Struggling with Servlet 3.0

A couple of days ago, I wrote a blog post about a session which I had attended during JavaOne. It was a session about the upcoming Servlet 3.0 specification, also known as JSR-315. Back at work, I thought it might be fun to try some of the new features myself. We have this one application running in our production site, which stores events that occur during Poker games. The application uses a Service based on Hessian, which clients can call to store the events. The Hessian service is exposed using the HessianServlet from Caucho, so that it may be invoked from HTTP. The Servlet runs in Jetty 6 container. The application is heavily used and around 20 to 30 calls are made per second.

My idea was to rewrite some parts within the application, so that everything is based on Servlet 3.0. I have written a test case where I measure the execution time of 30 parallel Threads persisting 30 Poker events. I am hoping that using Servlet 3.0 asynchronous requests, I can see a performance improvement. I know that this is not the perfect use case where asynchronous requests can shine as there is nothing that can be optimized using parallel processing within a single Thread. Anyway, we will see how it goes. I am curious about the results anyway.

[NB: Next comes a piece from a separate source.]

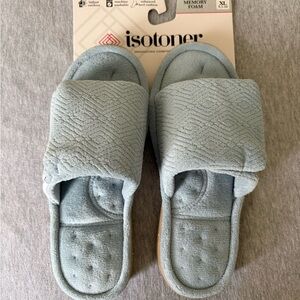 Isotoner Women’s Gemma Microterry Adjustable Slide Slippers Light Blue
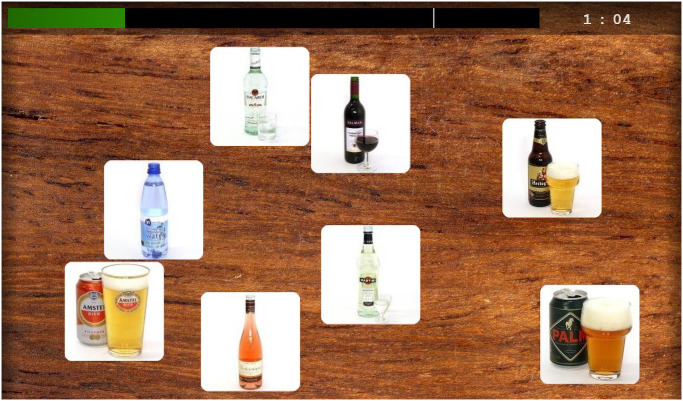 Screenshot of the alcohol version of the Bouncing Image Training Task.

The first step towards Servlet 3.0 is to use a JSR-315 compliant Servlet container. At JavaOne everyone was talking about the upcoming Jetty 7 release and that it supports Servlet 3.0. This was my disappointment. Jetty 7 is not built on top of Servlet 3.0 but still only Servlet 2.5 compatible. The semiofficial reason is that Jetty has moved from Codehaus to Eclipse and JSR-315 is delayed anyways. My next pick would have been Tomcat 7 as I have seen a comparison matrix that indicated, that the next Tomcat would support Servlet 3.0 as well. Unfortunately I don't think development is that far. I found some source code in SVN but I don't know if it was official and it was also only Servlet 2.5 based. So my last resort was Glassfish v3 which is the reference implementation for Java EE6. The preview release of Glassfish v3 comes with a Servlet container that implements JSR-315. Perfect.

It was the first time I installed Glassfish. It was very easy. The application server ships with a web administration interface and is easy to maintain. Currently there are not so many tutorials and examples for Servlet 3.0 on the Web, so I looked forward to check some samples which ship with Glassfish. "After installation, samples are located in install-dir/glassfish/samples/javaee6" - well this directory just does not exist. Not in the standard preview nor in the web profile. Too bad, they were supposed to have a sample for asynchronous requests as well as adding Servlet's dynamically.

Anyway, I changed my application from a standalone jar distribution that starts a Jetty 6 container to a war distribution that is deployed in Glassfish v3. To deploy something in Glassfish, just copy it into the autodeploy directory of your domain in the glassfish directory. Since the old version uses the HessianServlet directly, I had to download the source from Caucho and modify it, so that it uses asynchronous requests from Servlet 3.0. Unfortunately the HessianServlet is not really built for extensibility, so I just got a copy of the whole file to play with. To use another Sevlet 3.0 feature, I decided to add the Servlet at runtime using the new ServletContext.addServlet method. I looked up a sample on how to write a ServletContextListener. Some old documentation about JSR-315 indicated that you had to annotate the Listener with the @WebServletContextListener annotation. This annotation does not exist anymore in the final draft of JSR-315. Instead you do it the oldschool way. Write a class that implements ServletContextListener and add it to the web.xml as a context-listener. Then in the contextInitialized method, I added my AsynchronousHessianServlet.

In the next posting I will write about asynchronous requests and if this really makes an existing application faster.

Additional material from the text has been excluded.